Some guys have changed the pully on the alternator to get a more accurate reading.
I have never used that style of conversion but you might think about that.
It's kind of too late now but there is another way to do a conversion on those tractors.
It depends on the year of your tractor.
In late 68 (I think)
Ford did away with the screw in frost plugs. From then on they used a more modern press in frost plug.
If you have the later style block you can convert them to a 1976 and later tach drive.
Remove the large soft plug under the oil filter and pull the oil pump drive gear that drives off the cam. The newer drive gear has a square hole in the top. You can kinda see it in the photo.
Then you














buy the later style angle drive to run the tach. Photo.
Mind you, the old/new style tachs spin opposite of each other - ie, left hand/right hand.
And you must use the temp sender from a 76 and later tractor.
I have done it this way a few times and use a cheap 10-SI alternator from Napa and make my own brackets.
Price is a wee bit more than the kit you bought but the tachs are dead on.
If your engine has the old style plugs you can not do it this way.


----------



## Hightech1953 (Dec 30, 2018)

Ultradog said:


> I have heard those alternators don't provide a real accurate reading.
> Some guys have changed the pully on the alternator to get a more accurate reading.
> I have never used that style of conversion but you might think about that.
> It's kind of too late now but there is another way to do a conversion on those tractors.
> ...


Looks like mine is a no go !!


----------



## Hacke (Feb 22, 2011)

You could put a larger pulley on the alternator, but that may result in low chargíng at idle and poor cooling.

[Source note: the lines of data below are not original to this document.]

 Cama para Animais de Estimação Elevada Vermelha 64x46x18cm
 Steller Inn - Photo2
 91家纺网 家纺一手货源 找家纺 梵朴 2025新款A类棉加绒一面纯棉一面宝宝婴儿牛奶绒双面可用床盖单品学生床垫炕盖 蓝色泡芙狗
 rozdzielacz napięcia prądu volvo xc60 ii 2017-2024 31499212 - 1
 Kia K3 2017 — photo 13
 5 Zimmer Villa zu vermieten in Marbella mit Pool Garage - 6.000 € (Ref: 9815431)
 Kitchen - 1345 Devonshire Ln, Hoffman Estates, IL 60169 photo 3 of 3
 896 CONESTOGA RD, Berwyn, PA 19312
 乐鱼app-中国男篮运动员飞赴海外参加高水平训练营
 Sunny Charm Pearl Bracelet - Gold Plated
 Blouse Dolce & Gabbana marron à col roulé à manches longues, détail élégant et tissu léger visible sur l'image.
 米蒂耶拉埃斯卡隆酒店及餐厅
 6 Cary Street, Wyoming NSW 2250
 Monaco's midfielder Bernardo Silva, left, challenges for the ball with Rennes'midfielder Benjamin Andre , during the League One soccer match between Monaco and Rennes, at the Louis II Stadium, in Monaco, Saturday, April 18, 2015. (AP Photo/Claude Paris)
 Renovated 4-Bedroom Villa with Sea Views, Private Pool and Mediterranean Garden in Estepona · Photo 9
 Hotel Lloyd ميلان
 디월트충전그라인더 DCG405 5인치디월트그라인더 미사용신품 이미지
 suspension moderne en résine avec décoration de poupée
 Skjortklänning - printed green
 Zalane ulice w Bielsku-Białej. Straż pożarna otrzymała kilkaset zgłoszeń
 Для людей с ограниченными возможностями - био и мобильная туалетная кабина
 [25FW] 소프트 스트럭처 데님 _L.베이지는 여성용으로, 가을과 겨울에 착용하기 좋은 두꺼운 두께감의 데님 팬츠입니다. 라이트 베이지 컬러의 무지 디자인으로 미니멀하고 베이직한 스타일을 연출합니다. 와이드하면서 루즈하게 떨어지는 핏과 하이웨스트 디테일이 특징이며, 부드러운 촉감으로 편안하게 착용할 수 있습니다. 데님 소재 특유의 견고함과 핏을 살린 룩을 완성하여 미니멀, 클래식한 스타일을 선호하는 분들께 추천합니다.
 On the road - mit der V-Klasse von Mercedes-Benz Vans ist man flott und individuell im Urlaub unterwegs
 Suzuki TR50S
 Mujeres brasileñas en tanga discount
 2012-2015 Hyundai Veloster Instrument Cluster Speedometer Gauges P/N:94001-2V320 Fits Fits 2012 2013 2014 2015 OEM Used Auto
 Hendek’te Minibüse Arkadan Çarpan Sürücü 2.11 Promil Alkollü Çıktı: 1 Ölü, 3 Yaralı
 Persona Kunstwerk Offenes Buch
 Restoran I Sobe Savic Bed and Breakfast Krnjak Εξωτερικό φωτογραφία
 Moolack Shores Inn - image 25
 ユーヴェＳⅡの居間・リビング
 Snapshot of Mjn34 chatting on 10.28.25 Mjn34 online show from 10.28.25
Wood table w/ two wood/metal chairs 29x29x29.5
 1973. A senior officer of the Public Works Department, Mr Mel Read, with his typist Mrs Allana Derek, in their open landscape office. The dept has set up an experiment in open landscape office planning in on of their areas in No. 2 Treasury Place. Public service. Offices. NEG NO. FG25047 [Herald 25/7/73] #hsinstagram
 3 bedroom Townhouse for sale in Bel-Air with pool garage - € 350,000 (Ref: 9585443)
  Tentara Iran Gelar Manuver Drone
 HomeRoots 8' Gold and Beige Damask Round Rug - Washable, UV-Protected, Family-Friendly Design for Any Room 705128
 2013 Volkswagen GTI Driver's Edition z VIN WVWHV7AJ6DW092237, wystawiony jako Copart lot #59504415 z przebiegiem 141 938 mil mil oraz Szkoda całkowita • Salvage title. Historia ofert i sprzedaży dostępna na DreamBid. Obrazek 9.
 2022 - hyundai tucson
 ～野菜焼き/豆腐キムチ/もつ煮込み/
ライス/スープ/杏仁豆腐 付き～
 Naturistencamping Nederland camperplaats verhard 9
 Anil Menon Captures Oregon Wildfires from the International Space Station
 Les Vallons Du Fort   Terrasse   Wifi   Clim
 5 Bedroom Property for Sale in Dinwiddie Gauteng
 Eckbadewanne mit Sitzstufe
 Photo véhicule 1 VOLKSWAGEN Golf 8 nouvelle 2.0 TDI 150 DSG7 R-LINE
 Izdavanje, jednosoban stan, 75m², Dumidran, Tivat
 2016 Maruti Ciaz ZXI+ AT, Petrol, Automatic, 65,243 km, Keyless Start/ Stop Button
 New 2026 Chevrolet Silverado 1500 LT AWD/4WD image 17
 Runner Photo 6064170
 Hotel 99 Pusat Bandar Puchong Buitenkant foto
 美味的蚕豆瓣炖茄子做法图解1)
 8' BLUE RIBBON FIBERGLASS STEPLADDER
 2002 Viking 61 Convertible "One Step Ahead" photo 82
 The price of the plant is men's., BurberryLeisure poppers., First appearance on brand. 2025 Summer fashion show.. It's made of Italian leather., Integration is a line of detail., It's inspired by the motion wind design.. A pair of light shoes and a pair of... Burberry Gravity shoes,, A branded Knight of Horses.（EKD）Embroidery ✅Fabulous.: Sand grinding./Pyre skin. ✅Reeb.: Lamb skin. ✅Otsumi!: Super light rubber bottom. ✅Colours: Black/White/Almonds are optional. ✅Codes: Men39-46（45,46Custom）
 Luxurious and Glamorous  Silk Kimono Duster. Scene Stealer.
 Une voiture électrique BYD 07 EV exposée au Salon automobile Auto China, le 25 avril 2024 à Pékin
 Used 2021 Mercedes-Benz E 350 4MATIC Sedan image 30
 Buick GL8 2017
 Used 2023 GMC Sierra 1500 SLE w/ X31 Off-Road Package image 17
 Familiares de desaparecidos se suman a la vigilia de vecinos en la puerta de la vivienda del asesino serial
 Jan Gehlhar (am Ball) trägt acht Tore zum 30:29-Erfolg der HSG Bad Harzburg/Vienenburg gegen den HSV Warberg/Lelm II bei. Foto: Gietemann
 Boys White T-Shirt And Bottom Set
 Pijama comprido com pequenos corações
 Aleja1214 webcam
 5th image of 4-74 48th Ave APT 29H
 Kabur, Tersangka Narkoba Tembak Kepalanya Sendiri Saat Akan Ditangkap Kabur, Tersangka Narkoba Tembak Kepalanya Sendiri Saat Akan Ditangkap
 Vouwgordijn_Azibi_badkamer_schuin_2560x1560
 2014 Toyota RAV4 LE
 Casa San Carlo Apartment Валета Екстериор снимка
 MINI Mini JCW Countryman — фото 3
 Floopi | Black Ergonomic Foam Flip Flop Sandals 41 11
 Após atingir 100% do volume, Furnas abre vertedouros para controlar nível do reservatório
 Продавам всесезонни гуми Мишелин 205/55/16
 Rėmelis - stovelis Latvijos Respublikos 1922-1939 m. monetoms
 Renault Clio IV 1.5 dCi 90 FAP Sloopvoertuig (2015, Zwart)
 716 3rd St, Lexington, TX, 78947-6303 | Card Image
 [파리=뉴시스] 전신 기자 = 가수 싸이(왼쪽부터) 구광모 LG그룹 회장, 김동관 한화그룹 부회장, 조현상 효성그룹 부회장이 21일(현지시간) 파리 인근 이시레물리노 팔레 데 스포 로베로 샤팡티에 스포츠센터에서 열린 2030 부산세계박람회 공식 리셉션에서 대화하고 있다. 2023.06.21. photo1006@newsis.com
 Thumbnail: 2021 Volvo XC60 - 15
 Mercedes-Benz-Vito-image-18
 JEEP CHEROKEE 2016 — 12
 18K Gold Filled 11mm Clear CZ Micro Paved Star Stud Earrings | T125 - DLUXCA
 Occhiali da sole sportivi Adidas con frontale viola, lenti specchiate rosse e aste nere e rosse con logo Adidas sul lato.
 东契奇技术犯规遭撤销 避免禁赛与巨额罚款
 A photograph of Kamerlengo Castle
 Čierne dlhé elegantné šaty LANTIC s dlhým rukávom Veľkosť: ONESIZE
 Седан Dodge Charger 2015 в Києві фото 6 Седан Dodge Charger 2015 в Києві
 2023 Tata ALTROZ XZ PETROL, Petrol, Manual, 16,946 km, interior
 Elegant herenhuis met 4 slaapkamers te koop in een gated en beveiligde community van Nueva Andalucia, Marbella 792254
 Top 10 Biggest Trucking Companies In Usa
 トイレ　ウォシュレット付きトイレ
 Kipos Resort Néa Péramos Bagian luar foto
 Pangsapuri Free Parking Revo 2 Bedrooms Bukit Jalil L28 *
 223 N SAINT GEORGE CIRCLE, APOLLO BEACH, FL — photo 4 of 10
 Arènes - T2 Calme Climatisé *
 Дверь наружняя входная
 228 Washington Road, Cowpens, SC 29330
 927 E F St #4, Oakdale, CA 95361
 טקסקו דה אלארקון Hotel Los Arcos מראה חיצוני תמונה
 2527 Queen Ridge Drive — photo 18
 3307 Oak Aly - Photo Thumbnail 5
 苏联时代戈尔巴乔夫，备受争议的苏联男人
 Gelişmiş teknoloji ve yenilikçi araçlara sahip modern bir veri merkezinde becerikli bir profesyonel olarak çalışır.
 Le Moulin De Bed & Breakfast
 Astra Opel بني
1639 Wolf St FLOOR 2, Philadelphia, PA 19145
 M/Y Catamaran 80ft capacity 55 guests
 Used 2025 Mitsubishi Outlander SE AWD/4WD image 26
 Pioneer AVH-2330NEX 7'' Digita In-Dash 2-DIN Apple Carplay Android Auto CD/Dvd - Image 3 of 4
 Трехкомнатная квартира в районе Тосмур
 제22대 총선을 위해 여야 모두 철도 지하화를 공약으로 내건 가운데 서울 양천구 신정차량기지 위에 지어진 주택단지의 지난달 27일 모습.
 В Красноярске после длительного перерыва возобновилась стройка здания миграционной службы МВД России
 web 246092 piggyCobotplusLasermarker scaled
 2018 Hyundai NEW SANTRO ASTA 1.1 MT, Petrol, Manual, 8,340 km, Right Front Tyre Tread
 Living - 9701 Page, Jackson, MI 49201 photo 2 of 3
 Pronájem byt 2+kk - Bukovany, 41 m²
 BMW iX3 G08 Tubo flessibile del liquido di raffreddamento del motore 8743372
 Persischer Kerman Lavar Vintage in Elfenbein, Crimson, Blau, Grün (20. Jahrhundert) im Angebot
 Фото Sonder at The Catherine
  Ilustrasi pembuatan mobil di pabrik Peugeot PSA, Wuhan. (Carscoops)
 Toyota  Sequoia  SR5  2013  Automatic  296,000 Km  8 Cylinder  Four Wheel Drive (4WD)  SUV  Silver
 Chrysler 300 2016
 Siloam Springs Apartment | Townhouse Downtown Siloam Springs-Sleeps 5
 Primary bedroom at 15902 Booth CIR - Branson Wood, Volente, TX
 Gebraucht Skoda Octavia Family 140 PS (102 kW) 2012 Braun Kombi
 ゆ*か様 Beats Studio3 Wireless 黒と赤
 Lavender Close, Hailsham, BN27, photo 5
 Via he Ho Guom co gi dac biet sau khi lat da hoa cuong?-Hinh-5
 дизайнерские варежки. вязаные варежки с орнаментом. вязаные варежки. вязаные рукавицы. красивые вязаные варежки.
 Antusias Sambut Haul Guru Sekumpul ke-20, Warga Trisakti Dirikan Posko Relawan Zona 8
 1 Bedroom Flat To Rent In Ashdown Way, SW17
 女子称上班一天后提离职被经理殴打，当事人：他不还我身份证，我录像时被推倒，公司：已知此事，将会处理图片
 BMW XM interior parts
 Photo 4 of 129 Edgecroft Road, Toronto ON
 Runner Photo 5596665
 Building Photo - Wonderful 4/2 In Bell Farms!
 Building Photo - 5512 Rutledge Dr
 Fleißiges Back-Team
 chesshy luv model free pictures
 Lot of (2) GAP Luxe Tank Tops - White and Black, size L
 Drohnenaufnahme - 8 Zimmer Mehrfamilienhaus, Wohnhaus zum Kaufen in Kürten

You did not get what you paid for, contact the seller.


----------



## Ultradog (Feb 27, 2005)

Hacke said:


> You could put a larger pulley on the alternator, but that may result in low chargíng at idle and poor cooling.
> 
> You did not get what you paid for, contact the seller.


Fwiw,
It more likely to be your tach than the alternator.
The tach drive is a direct, gear drive and does not vary relative to engine rpm whereas the tach operates on a couple of cheesy magnets and could be off a bit.
I would try the larger pulley first.
And I wouldn't be too concerned about charging issues at low speeds with a bigger pully.
Those are about a 60 amp alternator after all.
Hitech, is your tractor a gas or diesel model? Either way, consider this:
If gas it's only using about 4 amps to power the coil and energize the gages. A diesel is only using maybe one amp to energize the gages - if that much.
Even at low idle it should provide enough power to recharge the battery, power the coil, gages, lights, etc and a guy has to spin it up to 1200 rpm or so to do any useful with it.
Hacke, 
I assume you mean alternator cooling?
I might be concerned about alternator cooling if you had a dead short somewhere and it was putting out 40 or 50 amps for an hour or two. She'd get hot then for sure.
But changing the rpms/cooling by 10 or 20% won't cause a problem on a low amp useage situation.


----------



## Hacke (Feb 22, 2011)

The alternator and cluster are new and there should not be a need to make changes in order to make them work properly. Buying today's aftermarket parts is a bit risky.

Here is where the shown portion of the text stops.